With two other crewmembers contributing mechanical and nautical skills and good cheer, the team set sail from Oahu and arrived in Oxnard 22 days later — about a week late due to rough waters.
“I went into it with a plan,” said Dan, who loves plans. “Immediately, it was useless.”
Being in control and having a plan are great traits for the chief operating officer of the Boulder IT security consulting firm AppliedTrust. Out on the open ocean, plans reveal what they are: Mere intentions.
They encountered days of strong waves and high winds with intermittent lake-smooth days offering brief respite.

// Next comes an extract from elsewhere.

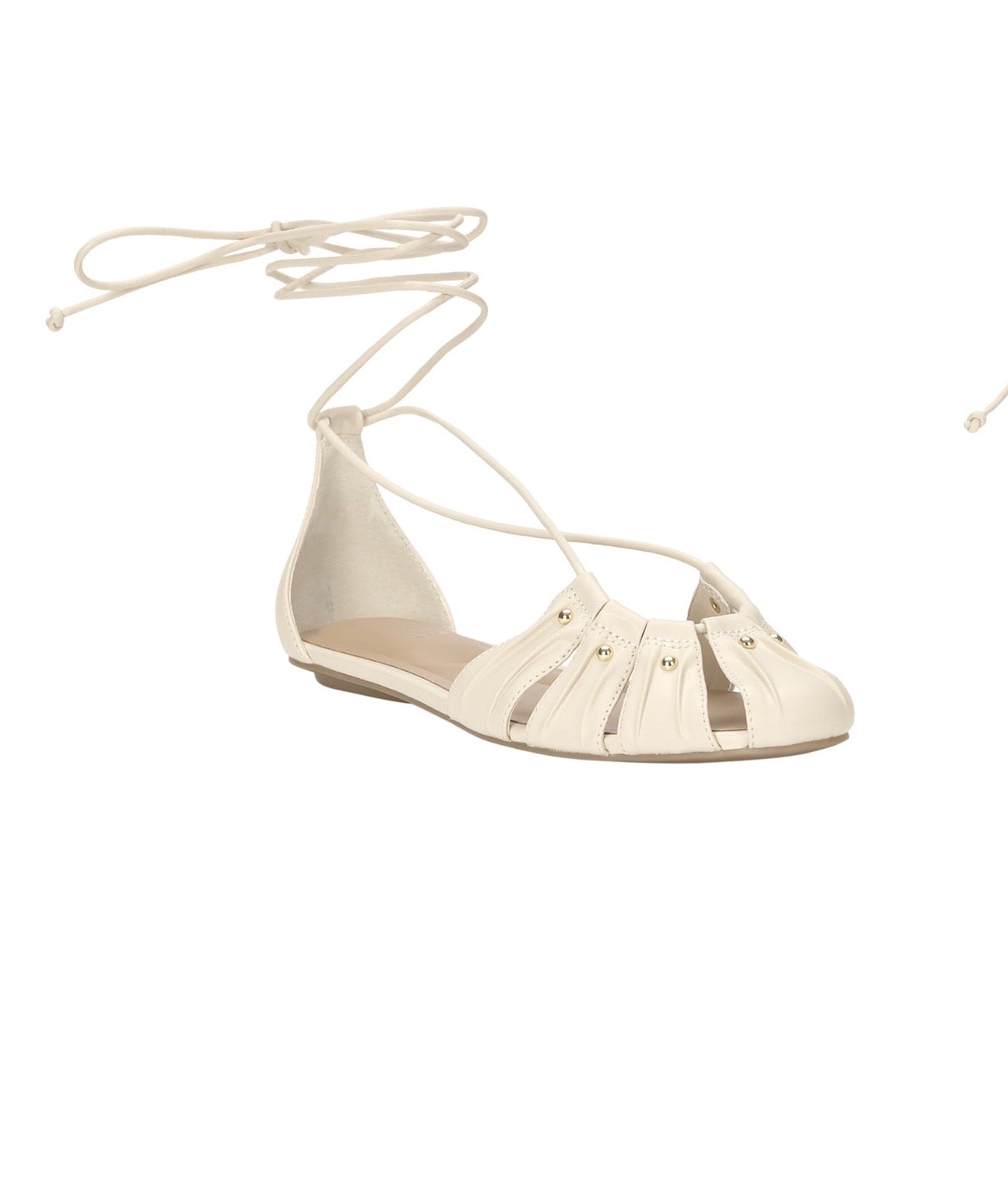     Snatched Summer Lace Sandals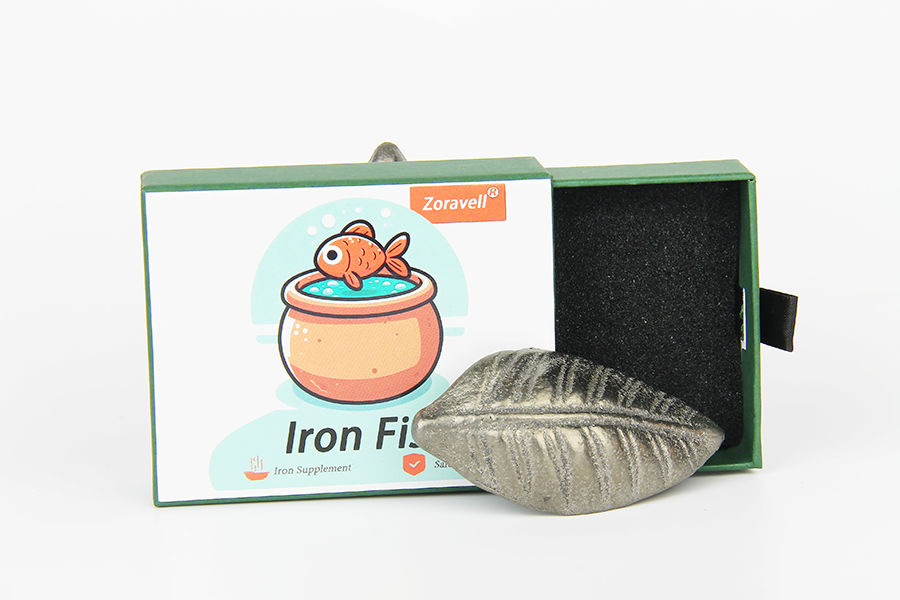 iron leaf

After each churning of the sea, they picked off marine life that had washed aboard. Some creatures found their way into crannies. Stench haunted the boat. Sometimes it exuded from Dan, who found showering futile given the constant damp. Then one of the toilets broke. A few times they had to troubleshoot and repair technical issues amid tossing seas. They slept in three-hour shifts.
An anomaly in the high pressure system pushed them 600 miles north of course, taking them nearer Alaska than California.
But then there were the sublime moments — calm, moonlit nights, long father-son chats, insight amid isolation.
“It made me realize how small we are as individuals,” said Dan.
When they reached California, father and son agreed that arriving was the trip’s high point.
As so often is the case, it was the journey itself that provided lasting lessons. Dan reflected amid that vastness on what mattered most to him: relationships, communication, being a better person, a better husband, making the world a better place.
“I also realized,” he said, “that maybe I’m not as much of a sailor as I thought I was.”